Airbnb has revolutionized short-term renting! Airbnb’s can be rented for 1 night at a time (although a lot of people set 2-3 day minimums). People are often willing to pay more to stay in an Airbnb for a weekend than they are to stay in a hotel. For this reason, you can make a killing in the Airbnb market…often 2-4 times traditional monthly rent (gross income).

There is a lot more work involved with Airbnb because you need to be able to clean the unit after every vacancy. However, it is possible to hire a cleaner/manager to take care of this additional work for you!

A nice feature with Airbnb’s is that you can rent an entire unit/house, or rent individual rooms.
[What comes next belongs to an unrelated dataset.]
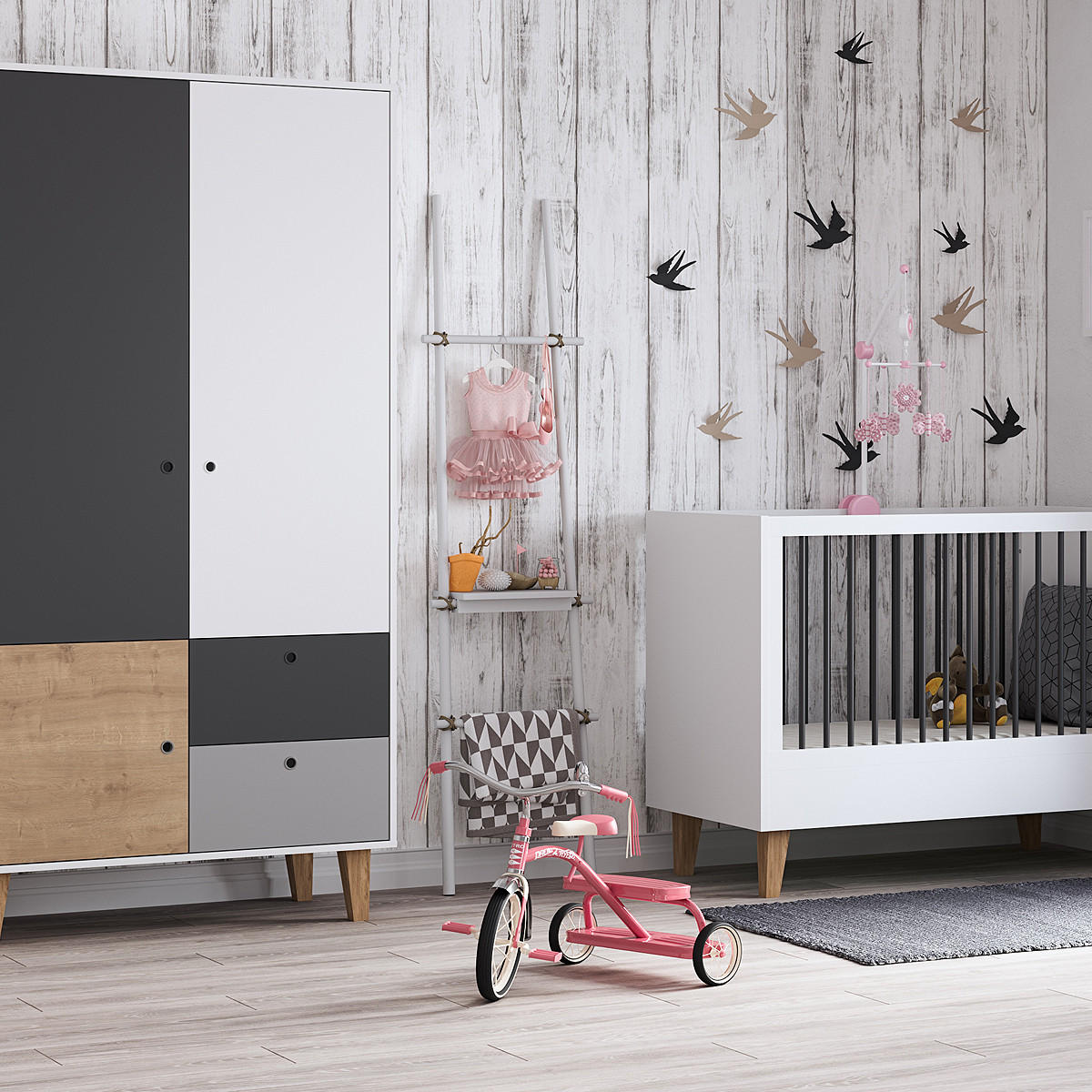 BABYZIMMER 2-teilig Holz - Braun, Holzwerkstoff (144.5/97/75cm) - Petits-meubles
This allows for some flexibility, and there are many ways to fit an Airbnb strategy into your portfolio.

You could Airbnb your house every time you go out of town to make some extra cash. Or, you could rent the rooms in your house out on Airbnb. This strategy is much like the roommate strategy, except you can choose to have the house to yourself periodically by blocking out time on the calendar when the unit is unavailable.

*UPDATE* I have been renting out a room in my house on Airbnb for several months. It went so well that I furnished ANOTHER room on Black Friday, 2019. In February 2020 I made $2600 renting these two bedrooms out, and my rent is only $3000! I am living for (almost) completely free in Oceanside, California…talk about a powerful investment strategy! Click here to register as an Airbnb host and earn $50 extra on your first hosting.

Just like the roommate strategy you could use this in conjunction with the plex-hack strategy discussed above!

Living in a smaller unit (sometimes the garage)

This is very similar to owning a duplex, but it is a method to maximize a single-family home. I know many people that have found a way to rent their primary residence while they live in a small room. I have known people turn their garage into a studio apartment, move in, and rent out the rest of the house.

Given that you can often rent out a single-family home for a solid price, and that they attract better quality tenants (often families), this can be an easy way to create monthly cash flow!

What I like about this strategy is that you can always rent the studio apartment, or use it as a guest house. That is a nice bonus when you no longer need the cash flow, or your family grows, and decide to move back into the main portion of the house!

ADU/in-law suite

An additional dwelling unit (ADU), sometimes referred to as an in-law suite, can be a great way to house hack. An ADU is a detached dwelling on the same patch of land as your home. These are extremely common in Hawaii because it is cheaper to build an ADU than it is to buy a home. For many Hawaiians, it makes more sense to live in an ADU that their family owns than it does to buy their own home.

These are fun because they can be relatively affordable, and you could rent them out as either a long-term rental or Airbnb! I have seen some really fun and creative ADU’s to include a company that specializes in building them out of 20-foot iso-containers!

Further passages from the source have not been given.